The Dreyfus purchase touched off a string of dealmaking that made Wall Street nervous. Next, Energy Transfer won a bidding war with Williams Partners to acquire Southern Union for $8.5 billion. Southern Union brought 20,000 miles of pipelines stretching into Florida and Michigan as well as a liquefied natural gas facility in Lake Charles, Louisiana, that Warren saw as a potential export gold mine.

The deal had barely closed when he learned that venerable Sunoco, operator of 4,900 gas stations and a vast Texas shipping terminal—the company where his father worked for more than 40 years—was available.

It seemed a stretch for Energy Transfer. “We were not in gas stations and peanuts and Slurpees,”Warren says. Worse, “we were getting a reputation as deal junkies. We had critics saying anybody can grow if they just keep buying things.”

Again Warren turned to his board. The directors saw a good fit, he recalls. “They said: ‘Kelcy, what are we missing? Why wouldn’t we do that?’” He sent deputies to New York to calm the ratings firms. Sunoco went to Energy Transfer for $8.7 billion.

Even as Energy Transfer Partners has added debt, it has kept its rating at the lowest investment-grade level. Both Moody’s Investors Service and S&P say the outlook for the debt rating is stable.

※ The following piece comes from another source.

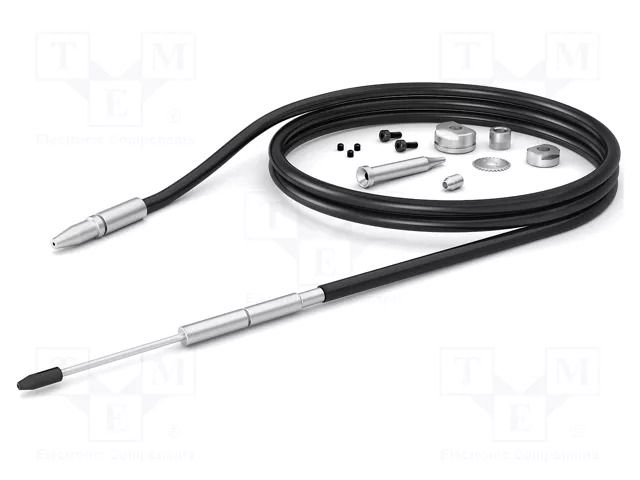 Solder wire guide; ESD; 0.7÷0.78mm JBC TOOLS JBC-GALE07D-A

More deals were to come, including January’s $18 billion pact to merge with Dallas-based Regency Energy Partners. But it was Dreyfus, Southern Union, and Sunoco that gave Energy Transfer the financial and geographic heft to vie with the likes of Enterprise Products Partners and Kinder Morgan, the largest U.S. pipeline company and source of Chairman Richard Kinder’s $12.4 billion fortune.

Warren says the pieces of his hydraulic machine are working well together. Today, the company is converting an old Southern Union gas pipeline to carry Bakken crude from Illinois to the Sunoco terminal in Nederland, Texas. Ships that tie up at one of the five Nederland docks recently started loading propane funneled from a fractionation plant on a site once owned by Dreyfus in Mont Belvieu, Texas. The propane is moving all over the world.

“When they make an acquisition, they’ve got an ability to see something associated with that acquisition nobody else sees,” says Brian Kessens, managing director at Tortoise Capital Advisors, one of the biggest unitholders in Energy Transfer and related entities.




 

The counterpoint is that the complexity of Warren’s empire might eventually catch up with him, says senior analyst Ethan Bellamy of Robert W. Baird & Co. “There’s a danger that there’s so many moving parts that it’s hard for anyone to keep their finger on it all.”